Hiermit gestehe ich meine Kapitulation ein. „Du bist ja nicht bei facebook!“ Dass ich diesem Verein nun doch beitrete, hat nichts damit zu tun, dass ich diesen Vorwurf nicht mehr hören kann. Nein, liebe echte Freunde, ich möchte Euren digitalen Lebenszeichen nicht mehr Aufmerksamkeit widmen und Euch weiterhin lieber sprechen und sehen, am liebsten live und in Farbe.
Der Grund liegt vielmehr darin, dass ich mich nicht mehr des Eindrucks erwehren kann, publizistisch nicht existent zu sein, wenn ich nicht auf facebook mitspiele. Ich bekenne: Auch mir geht es um Aufmerksamkeit. Ich würde mich freuen, wenn mehr Menschen meine bytheway-Kolumne auf www.berttewildt.com lesen würden. Dieser Text hier ist eine davon.
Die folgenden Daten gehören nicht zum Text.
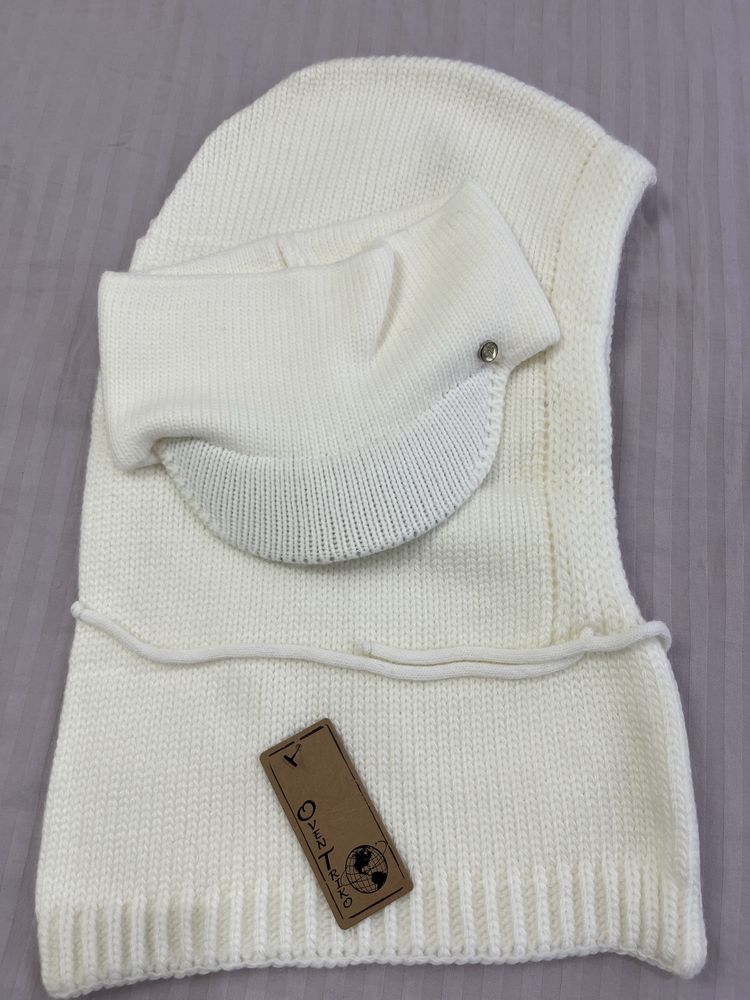 Продам капор+кепка (шерсть)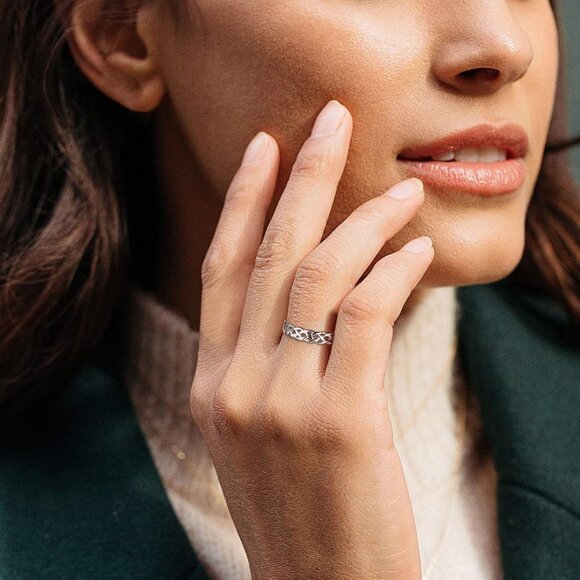 925 Sterling Silver Celtic Knot Eternity Wedding Band for Women, 4 mm Wide, Size - Picture 2 of 6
Wenngleich ich die Idee der sozialen Netzwerke im Prinzip großartig finde, bleiben meine grundsätzlichen Vorbehalte bestehen. Gute Gründe, sich von facebook fernzuhalten gibt es nach wie vor viele:

 

Erstens kümmert sich facebook nicht genug um die Spielregeln, die eine demokratische Meinungsfreiheit bedingen. Das Netzwerk übernimmt zu wenig Verantwortung, sei es für die darin verbreitete Hetze radikaler Mobs oder im Hinblick auf das Nachgeben gegenüber Geheimdiensten und Diktaturen.

 

Dies liegt daran, dass dieses Netzwerk zweitens zu allererst wirtschaftlichen Interessen dient, während es vorgibt, es ginge ihm in erster Linie um Völkerverständigung, Demokratie und Aufklärung. Indem wir uns ihm mit unseren Daten feilbieten, zahlen wir einen Preis, dessen Höhe wir noch gar nicht abschätzen können. Im Wettstreit mit Google gipfelt der Monopolismus von facebook derzeit in dem Versuch, zum Netz schlechthin zu werden, ein letztlich imperialistischer Gestus, in letzter Konsequenz ein Wettlauf um die Weltherrschaft.

 

Im Zuge dieser Entwicklung macht uns facebook drittens mit der Währung Aufmerksamkeit und unter Arrosion des Freundschaftsbegriffs zu seinen Komplizen. Für das Versprechen, dass sich immer ein paar vermeintliche Freunde finden, die unseren digitalen Entäußerungen viele Momente lang zuhören und zuschauen, bezahlen wir mit unser Lebenszeit in unmittelbarer Begegnung und Gemeinschaft. Am Ende sind alle nur noch auf Sendung, keiner mehr im Dialog.

 

Inkonsequenterweise gehe ich hier nun auch auf Sendung. Es geht dabei nicht um eine persönliche Selbstvermarktung, zugegebenermaßen aber um ein Marketing-Instrument. Nicht mehr und nicht weniger soll das hier für mich sein. Das gehört zu meiner Arbeit, die unter anderem eben auch darin besteht, sich kritisch mit dem Internet und seinen Derivaten ins Benehmen zu setzen. Dass ich auf facebook gegen facebook anschreiben kann, spricht allerdings für facebook.

 

Man möge es mir nachsehen, dass ich facebook nun trotz allem für mindestens ein Jahr lang ausprobieren werde. Als jemand, der eben auch ‚was mit Medien macht, habe ich auch noch für die schlimmsten medialen Auswüchse die Ausrede, dass ich doch kennen muss, worüber ich schreibe.

 

Nur es denke bitte niemand, dass es auf meiner facebook-Seite irgendetwas mit demjenigen zu tun hat, was mir wirklich hoch und heilig ist: Freundschaft. – Meine echten Freunde, Ihr wisst, wie und wo Ihr mich ansprechen, finden und treffen könnt. Im Zweifelsfall auch bei www.ello.co, das Netzwerk, dem ich persönlich vertraue.